Hubble Space Telescope image of Saturn in June 2018. Image: NASA/ESA/A. Simon (GSFC)/OPAL Team/J. DePasquale (STScI)
Before the new discovery, Saturn had 83 moons recognized by the International Astronomical Union (IAU). Now, that number has increased to 145, Space reported on May 12. This also marks an important milestone for Saturn, making the planet the first known celestial body in the universe to have more than 100 moons orbiting it.

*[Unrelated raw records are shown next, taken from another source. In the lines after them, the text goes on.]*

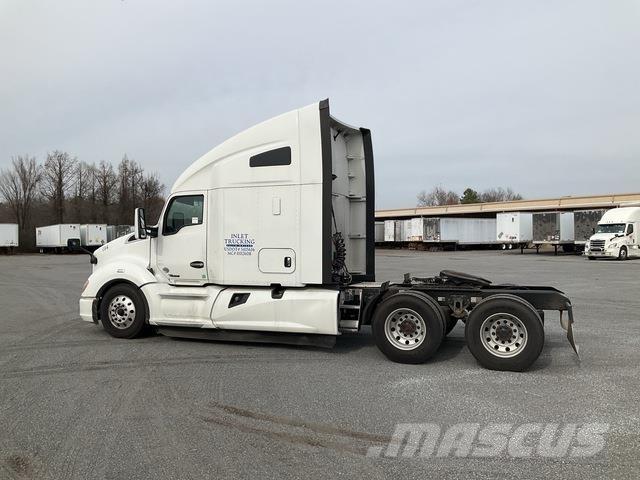 Kenworth T680 牵引车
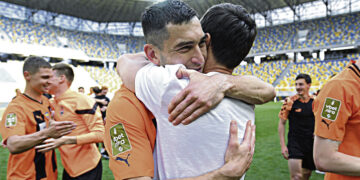 «Шахтёр» – чемпион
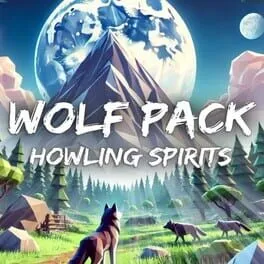  Wolf Pack: Howling Spirits  cover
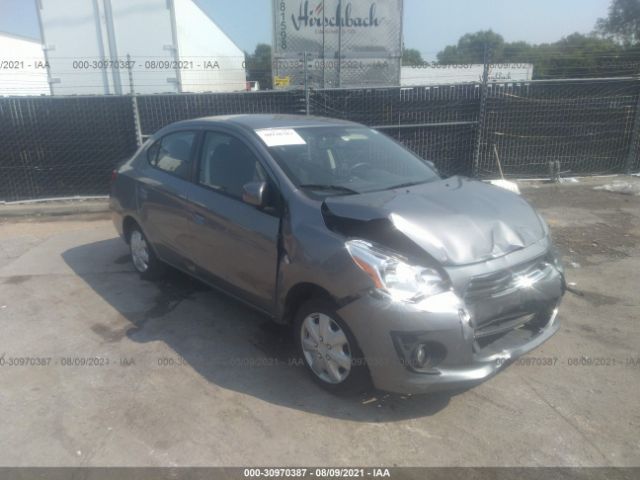 MITSUBISHI MIRAGE G4 2017 ml32f3fj4hhf07818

Edward Ashton, a postdoctoral fellow at the Institute of Astronomy and Astrophysics of the Academia Sinica, and his colleagues discovered the new moons, despite their small and faint appearance, using a technique called “shift and stacking.” This technique uses a set of images that move at the same speed as the moon moves across the sky, which enhances the signal from the moon. This allows moons that are too faint to be seen in the individual images to be revealed in the “stacked image.”
Astronomers have used this method to search for moons around the ice giants Neptune and Uranus, but this is the first time it has been applied to the solar system's second-largest planet, Saturn.

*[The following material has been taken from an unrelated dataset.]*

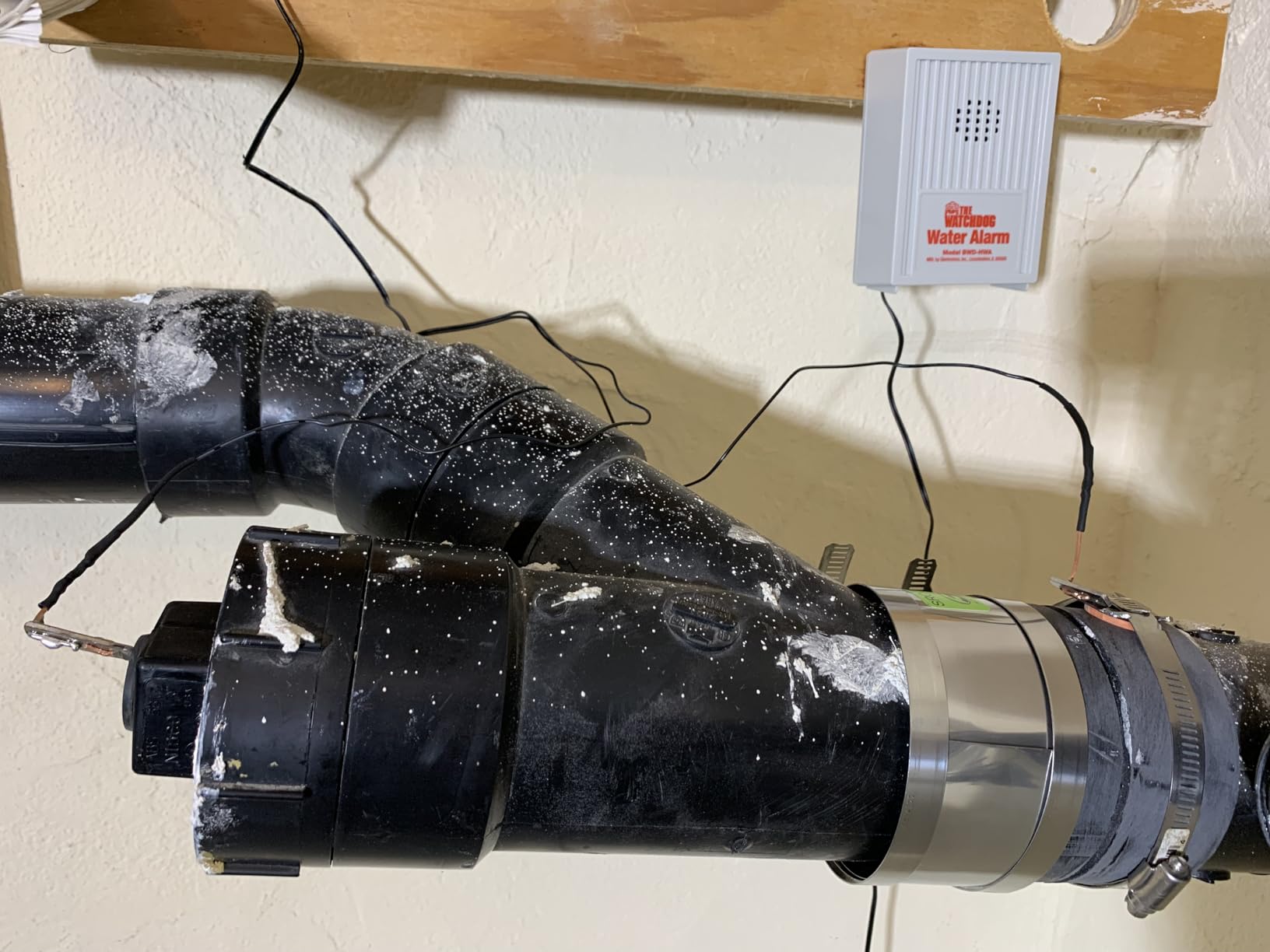 The Basement Watchdog 110 dB Water Alarm w/Detachable Sensor for Hard-to-Reach Areas (BWD-HWA) customer photo 1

In the new study, the team used data collected by the Canada-France-Hawaii Telescope (CFHT) on Maunakea, Hawaii, from 2019 to 2021. The data helped them detect moons around Saturn as small as 2.5 kilometers in diameter.
While astronomers spotted a few moons in early 2019, they needed more information to confirm that they were moons and not asteroids approaching Saturn, so they monitored them for several years to make sure they were actually orbiting the gas giant.
The newly discovered moons are classified as “anomalous moons.” This term refers to objects that are gravitationally influenced by a planet and orbit that planet in large, flat or elliptical orbits that are tilted more than the orbits of regular moons. Saturn currently has 121 anomalous moons and 24 regular moons.
In February, Jupiter overtook Saturn as the “moon king” when 12 new moons were confirmed, bringing its total to 92. Saturn now has 145 moons, but the title could change hands again as astronomers’ moon-detecting technology improves.